2025年1月31日、経済産業省から鉱工業指数の公表がありました。公表された指数を用いて「在庫循環図」を描くことで、製造業の景気動向を把握することができます。一番上の図表は、経済産業省が「鉱工業の在庫循環図」を参考図表として公表したものです。

経済産業省は、「鉱工業指数のしくみと見方」で、「在庫循環図」について、二番目の図を用いて、次のように解説しています。

「景気変動を機敏に判断するには、在庫をみるのが有効です。これは、在庫の変動が生産活動に大きな影響を持っているからです。先ず、需要が好調になり始めると在庫が一時的に減少します。次に企業が先行きの需要の拡大を見込んで在庫を積み増すと、生産活動は一層活発化することになります。逆 に、需要の低迷から在庫が積み上ってくる と、今度は企業は在庫過剰であると判断して在庫減らしのため生産を抑えることから 生産活動は鈍化するでしょう。このように、 在庫局面は、通常「①意図せざる在庫減局面」→「②在庫積み増し局面」→「③在庫積み上がり局面」→「④在庫調整局面」の4つの局面を循環していくことになります。 これを表したのが「在庫循環図」です。現在の在庫局面を見ることによって、今後の生産活動についてある程度予測することも できます」。

もう少し詳しくみてみましょう。「在庫循環図」は、縦軸に「在庫指数」の伸び率、横軸に「生産指数」の伸び率をとり、製造業の生産と在庫の関係を視覚的に表したグラフです。

横軸(X軸)に生産の前年比増減率を示します。ゼロより大きく(プラス)ならば、生産が増加、ゼロより小さく(マイナス)ならば、生産が減少していることを意味します。次に縦軸(Y軸)に在庫の前年比増減率を示します。

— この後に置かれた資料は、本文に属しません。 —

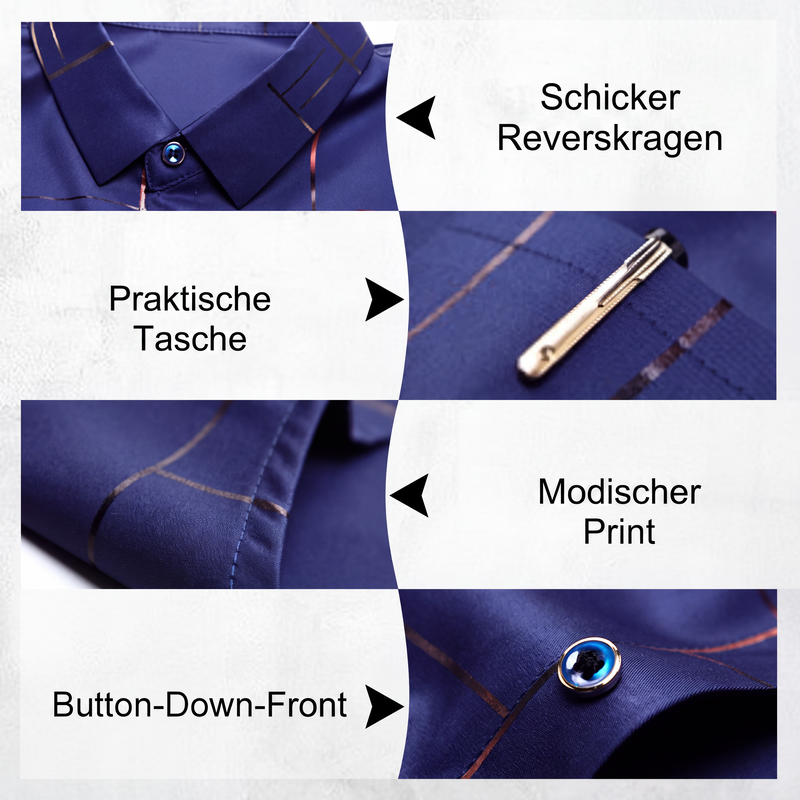 👔 50 % RABATT – Leichtes bügelfreies Herrenhemd | Eleganter Look trifft auf mühelosen Komfort ✨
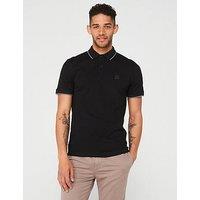 Boss Passertip Slim Fit Short Sleeve Polo Shirt - Black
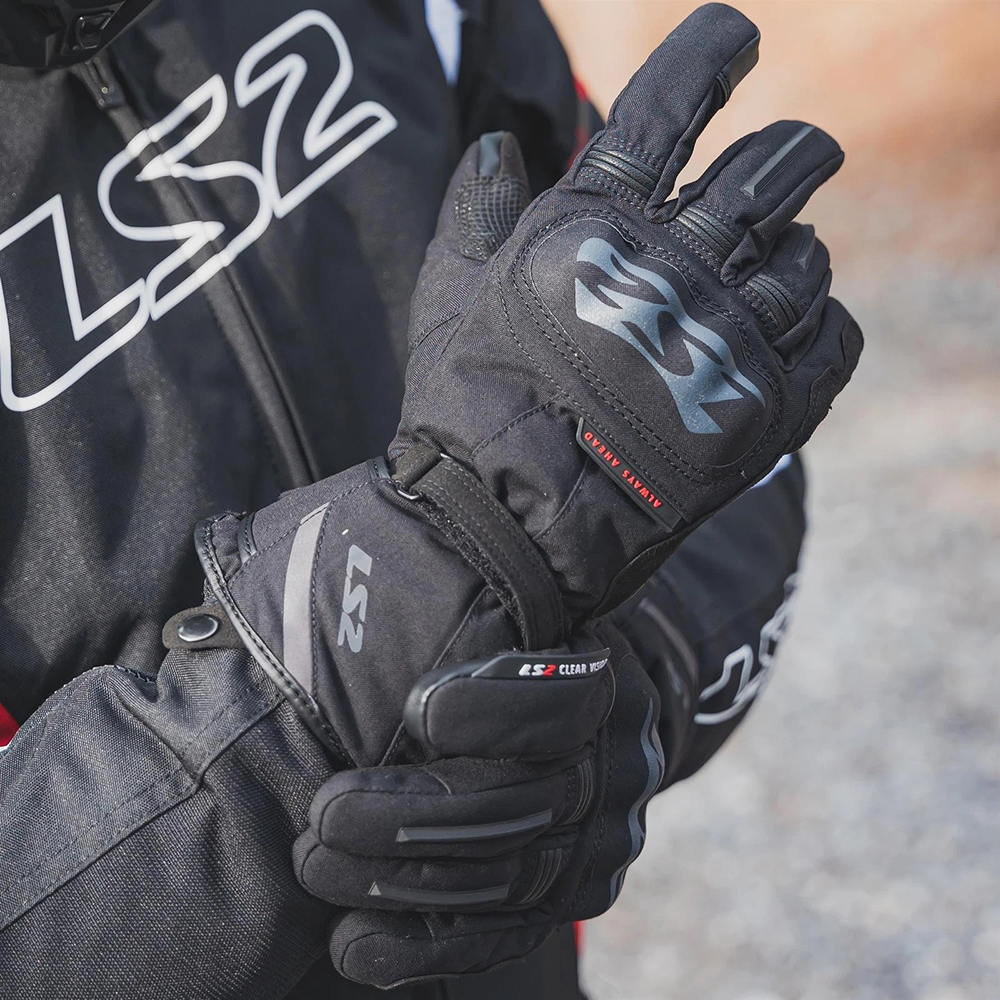 LS2 SNOW MAN GLOVES - BLACK GREY - Image 6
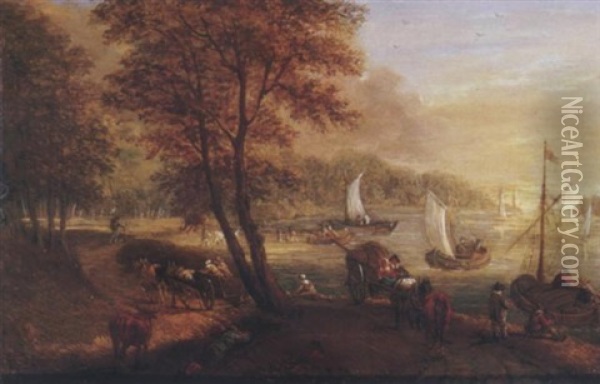 A River Landscape With Travellers On A Path, Shipping Beyond Oil Painting - Jan Brueghel the Elder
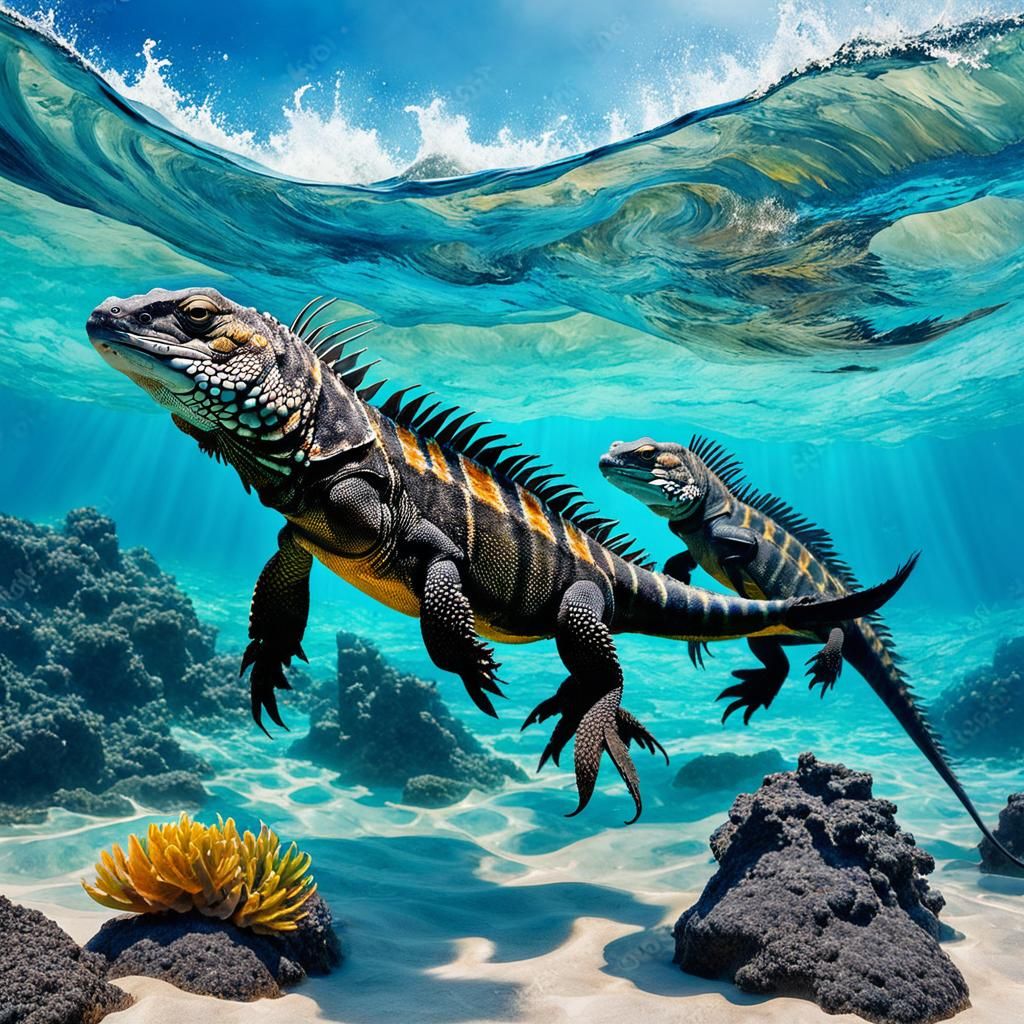 Galapagos Black Iguanas Swimming: Abstract Watercolor Art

ゼロより大きく(プラス)ならば、在庫が増加、ゼロより小さく(マイナス)ならば、在庫が減少していることを意味します。

右上の象限は、生産が増加(X軸プラス)、在庫も増加(Y軸プラス)となっており、企業が積極的に生産・在庫を増やしている状態で、景気が拡大しています。次に、左上の象限は、生産が減少(X軸マイナス)、在庫は増加(Y軸プラス)となっており、需要が減退し、生産を減らしても在庫が溜まっている状況で、景気減速の兆候を示しています。左下の象限は、生産も在庫も減少(X軸マイナス、Y軸マイナス)しており、企業が在庫を削減し、生産も抑制する段階で、景気の底打ちに向かう可能性があります。 右下の象限は、生産が増加(X軸プラス)、在庫は減少(Y軸マイナス)しています。在庫調整が進み、生産が持ち直す時期で、景気回復の兆しです。

このまで描いた図に、左下から右上に45度線、左上から右下に45度線を書き入れてみましょう。二番目の図表に示された①②③④の三角形ができました。

図の①②は、生産の伸び率の方が、在庫の伸び率を上回っている局面です。図の③④は、反対に在庫の伸び率が生産の伸び率を上回っている局面です。①は「意図せざる在庫減局面」、②は「在庫積み増し局面」、③は「在庫積み上がり局面」、 ④は「在庫調整局面」です。景気は通常、①→②→③→④の順に反時計回りに動きます。

①の「意図せざる在庫減局面」は、景気回復の兆しが表れる局面です。景気が拡大し始めると、需要が企業の予測を上回り、生産が追いつかずに在庫が減少します。②の「在庫積み増し局面」は、景気拡張期です。景気拡大が続くと、企業は将来の需要増に備えて生産を増やし、在庫を積み増します。③の「在庫積み上がり局面」は、景気後退局面です。景気が後退し始めると、需要が企業の予測を下回り、生産が過剰となって在庫が増加します。④の「在庫調整局面」は、景気後退局面です。景気後退が続くと、企業は生産を減らし、在庫を減らそうとします。このように①→②→③→④の順に反時計回りに動きます。

在庫循環図は、現在の景気局面がどの段階にあるのかを判断することができます。現在の景気局面を把握し、今後の景気動向を予測することも可能です。在庫循環図を参考に、生産計画や販売計画などの経営判断を行うことができます。

さて、今回、経済産業省が発表した一番上の図表「鉱工業の在庫循環図」で、現在の景気動向をみると、④の「在庫調整局面」から①の「意図せざる在庫減局面」に入りかけたように見受けられます。在庫循環だけでは景気判断はできないのですが、これから景気回復の兆しが表れる局面に入っていくように見受けられます。